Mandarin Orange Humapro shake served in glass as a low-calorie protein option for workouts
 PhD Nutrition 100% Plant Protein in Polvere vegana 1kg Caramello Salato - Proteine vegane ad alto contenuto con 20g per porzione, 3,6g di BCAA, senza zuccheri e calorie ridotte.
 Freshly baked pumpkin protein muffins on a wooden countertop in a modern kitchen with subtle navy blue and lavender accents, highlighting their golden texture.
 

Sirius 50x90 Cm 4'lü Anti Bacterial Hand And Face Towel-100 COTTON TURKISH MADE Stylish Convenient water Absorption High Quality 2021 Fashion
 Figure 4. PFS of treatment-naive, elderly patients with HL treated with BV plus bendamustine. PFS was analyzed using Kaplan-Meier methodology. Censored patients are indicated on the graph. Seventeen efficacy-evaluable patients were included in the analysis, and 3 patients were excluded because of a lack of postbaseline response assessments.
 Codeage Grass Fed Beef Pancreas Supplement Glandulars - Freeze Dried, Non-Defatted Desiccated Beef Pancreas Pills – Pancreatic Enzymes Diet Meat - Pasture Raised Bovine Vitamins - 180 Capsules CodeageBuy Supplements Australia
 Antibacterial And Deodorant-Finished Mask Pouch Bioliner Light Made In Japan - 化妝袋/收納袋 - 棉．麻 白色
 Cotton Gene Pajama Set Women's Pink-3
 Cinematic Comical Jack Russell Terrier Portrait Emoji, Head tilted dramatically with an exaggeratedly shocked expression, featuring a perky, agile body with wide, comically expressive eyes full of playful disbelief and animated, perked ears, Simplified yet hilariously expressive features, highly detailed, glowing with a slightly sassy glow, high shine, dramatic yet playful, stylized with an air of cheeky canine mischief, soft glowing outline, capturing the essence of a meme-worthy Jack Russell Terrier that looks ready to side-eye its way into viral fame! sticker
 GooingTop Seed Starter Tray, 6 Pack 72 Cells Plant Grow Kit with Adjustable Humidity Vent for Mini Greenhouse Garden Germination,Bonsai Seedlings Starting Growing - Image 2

## Work to complete
Return the whole listing exactly as it reads.

## Response to the task
Mandarin Orange Humapro shake served in glass as a low-calorie protein option for workouts
 PhD Nutrition 100% Plant Protein in Polvere vegana 1kg Caramello Salato - Proteine vegane ad alto contenuto con 20g per porzione, 3,6g di BCAA, senza zuccheri e calorie ridotte.
 Freshly baked pumpkin protein muffins on a wooden countertop in a modern kitchen with subtle navy blue and lavender accents, highlighting their golden texture.
 

Sirius 50x90 Cm 4'lü Anti Bacterial Hand And Face Towel-100 COTTON TURKISH MADE Stylish Convenient water Absorption High Quality 2021 Fashion
 Figure 4. PFS of treatment-naive, elderly patients with HL treated with BV plus bendamustine. PFS was analyzed using Kaplan-Meier methodology. Censored patients are indicated on the graph. Seventeen efficacy-evaluable patients were included in the analysis, and 3 patients were excluded because of a lack of postbaseline response assessments.
 Codeage Grass Fed Beef Pancreas Supplement Glandulars - Freeze Dried, Non-Defatted Desiccated Beef Pancreas Pills – Pancreatic Enzymes Diet Meat - Pasture Raised Bovine Vitamins - 180 Capsules CodeageBuy Supplements Australia
 Antibacterial And Deodorant-Finished Mask Pouch Bioliner Light Made In Japan - 化妝袋/收納袋 - 棉．麻 白色
 Cotton Gene Pajama Set Women's Pink-3
 Cinematic Comical Jack Russell Terrier Portrait Emoji, Head tilted dramatically with an exaggeratedly shocked expression, featuring a perky, agile body with wide, comically expressive eyes full of playful disbelief and animated, perked ears, Simplified yet hilariously expressive features, highly detailed, glowing with a slightly sassy glow, high shine, dramatic yet playful, stylized with an air of cheeky canine mischief, soft glowing outline, capturing the essence of a meme-worthy Jack Russell Terrier that looks ready to side-eye its way into viral fame! sticker
 GooingTop Seed Starter Tray, 6 Pack 72 Cells Plant Grow Kit with Adjustable Humidity Vent for Mini Greenhouse Garden Germination,Bonsai Seedlings Starting Growing - Image 2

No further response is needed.